(Her)ontdek twee gedichten uit deze voorstelling:
Het Huwelijk
Toen hij bespeurde hoe de nevel van de tijd in d’ogen van zijn vrouw de vonken uit kwam doven, haar wangen had verweerd, haar voorhoofd had doorkloven toen wendde hij zich af en vrat zich op van spijt.
Hij vloekte en ging te keer en trok zich bij de baard en mat haar met de blik, maar kon niet meer begeren, hij zag de grootse zonde in duivelsplicht verkeren en hoe zij tot hem opkeek als een stervend paard.
Maar sterven deed zij niet, al zoog zijn helse mond het merg uit haar gebeente, dat haar toch bleef dragen. Zij dorst niet spreken meer, niet vragen of niet klagen, en rilde waar zij stond, maar leefde en bleef gezond.

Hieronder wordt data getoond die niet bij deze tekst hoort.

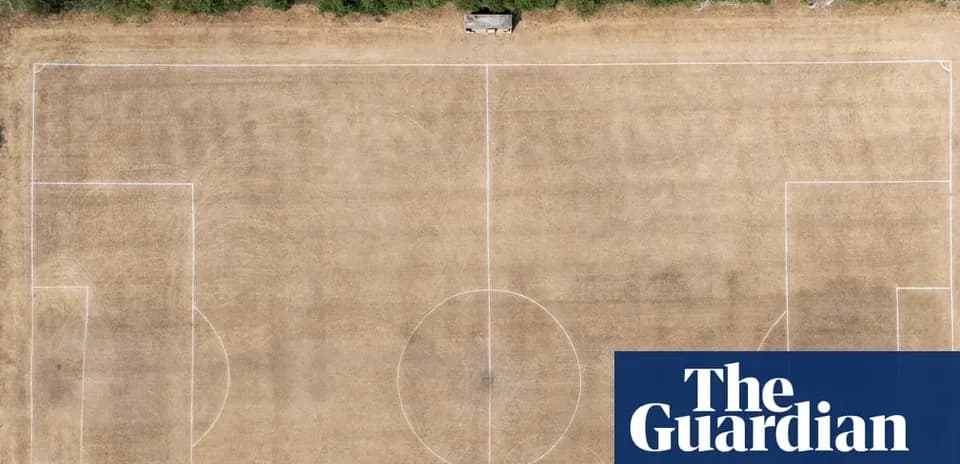 Aerial view of a dry football pitch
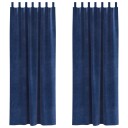  Gardiner med gardiner 2 pcs Mørkblå 140 x 245 cm Fløyel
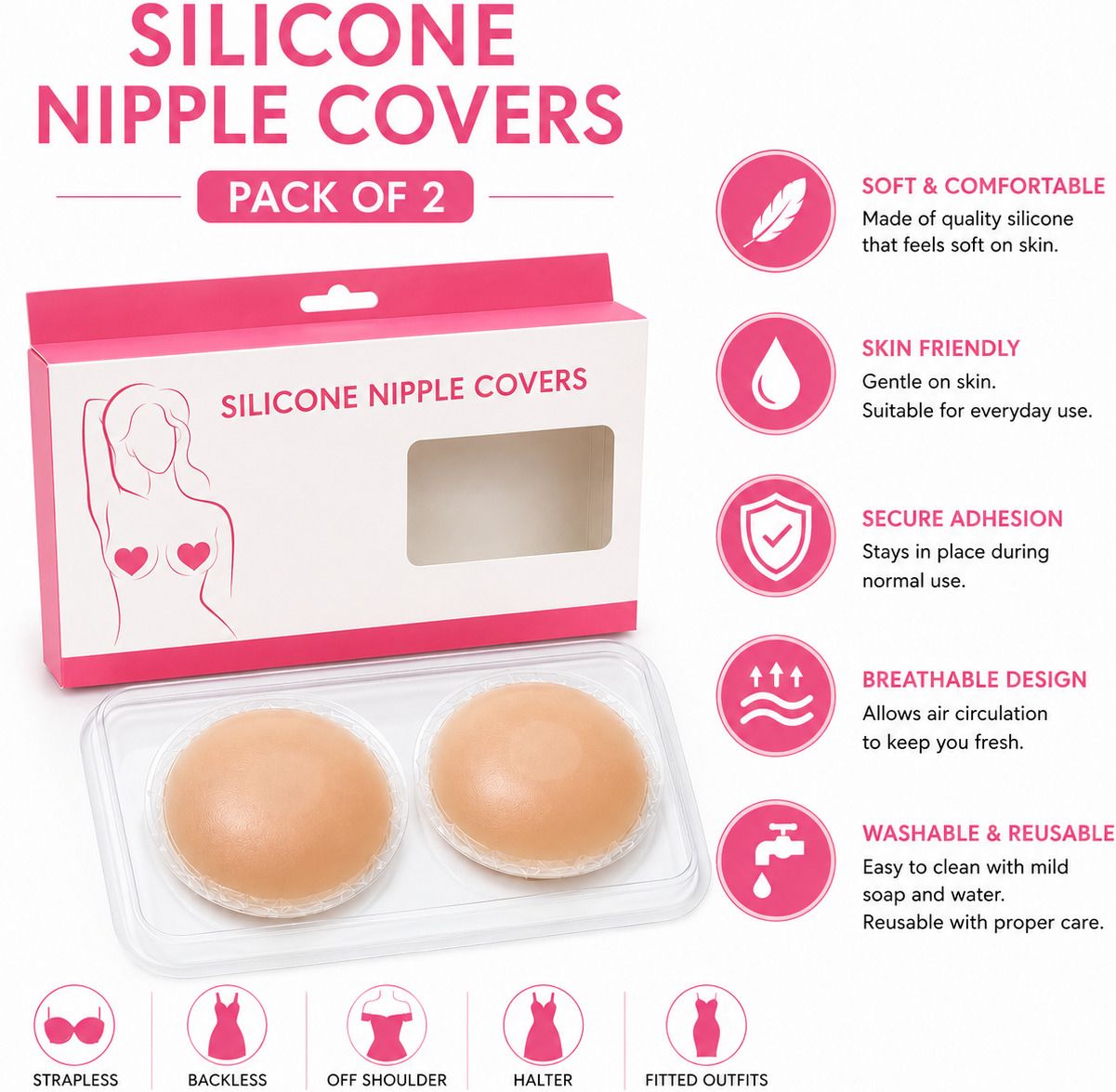 swagte Reusable Silicone Nipple Covers Women Invisible Adhesive Breast Covers Pack of 2 Breast Nipple Shield-picture-48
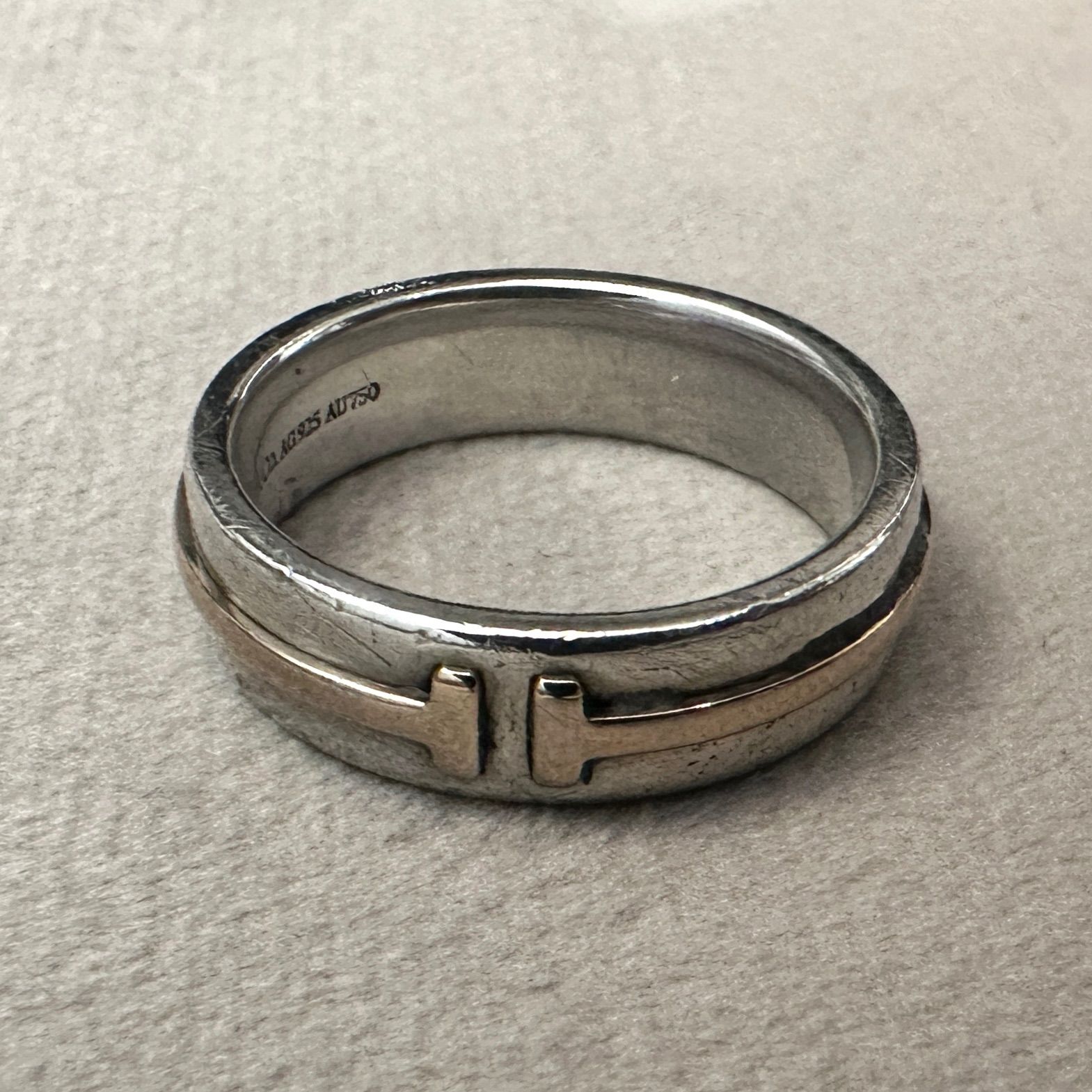 TIFFANY&Co. ティファニー T TWO ナロー リング 指輪 750 925 K18 16 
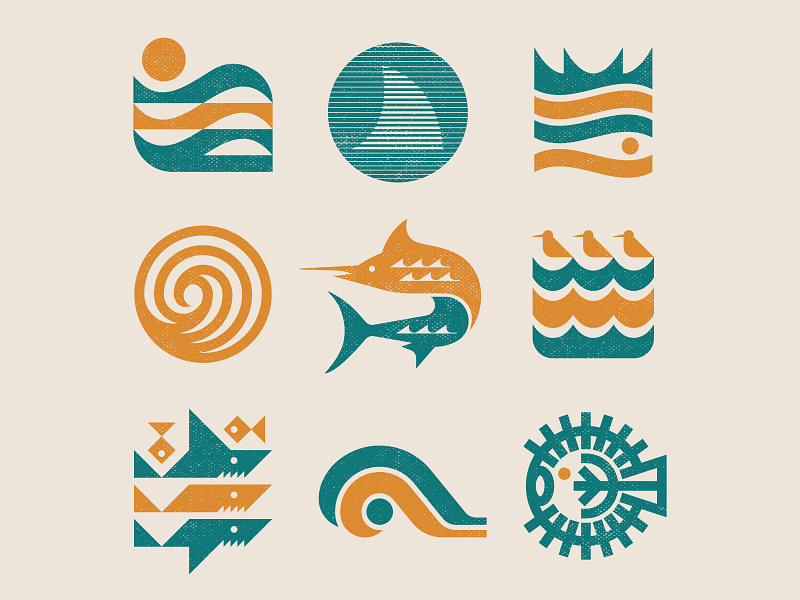 Oceanic graphics beach blowfish california coast crown fish icon logo marlin nature ocean retro sail shark sun surf symbol vintage water waves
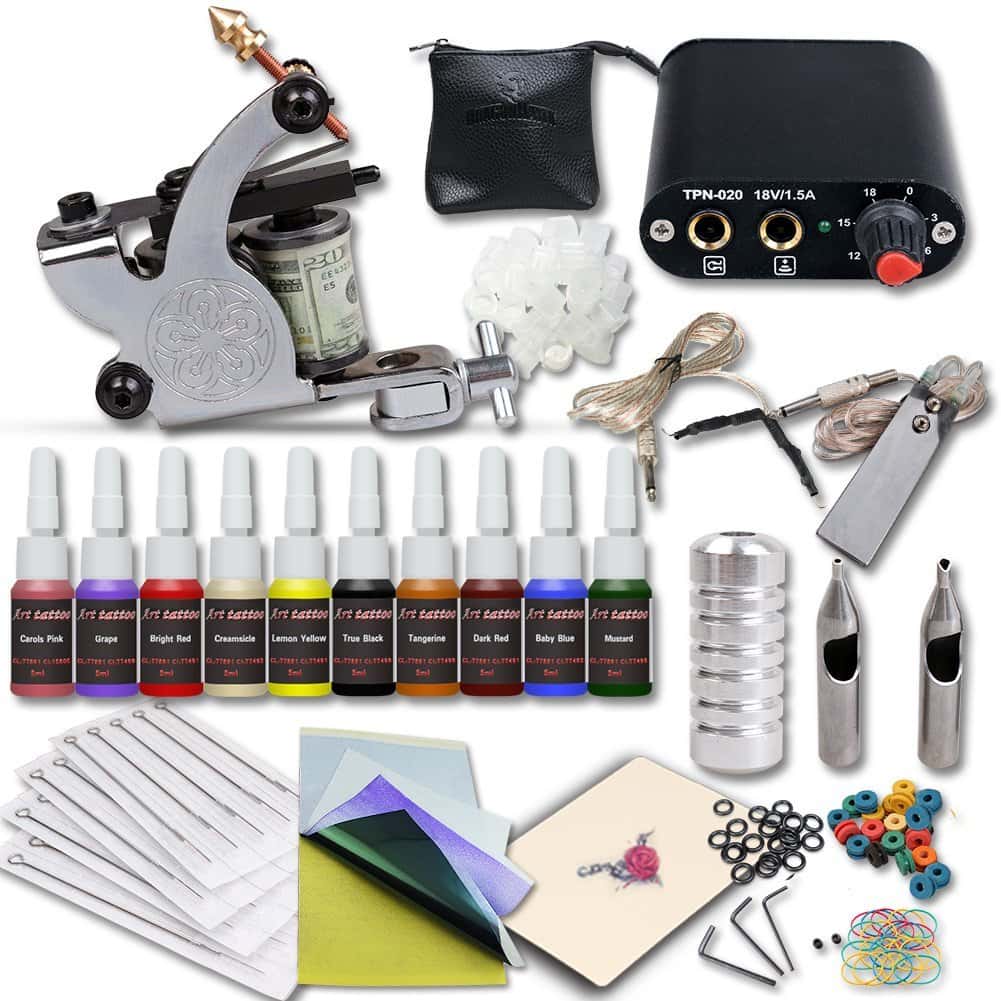 Complete Tattoo Kit Machines Color Inks Power Supply Y-017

Hij dacht: ik sla haar dood en steek het huis in brand. Ik moet de schimmel van mijn stramme voeten wassen en rennen door het vuur en door het water plassen tot bij een ander lief in enig ander land.
Maar doodslaan deed hij niet, want tussen droom en daad staan wetten in de weg en praktische bezwaren, en ook weemoedigheid, die niemand kan verklaren, en die des avonds komt, wanneer men slapen gaat.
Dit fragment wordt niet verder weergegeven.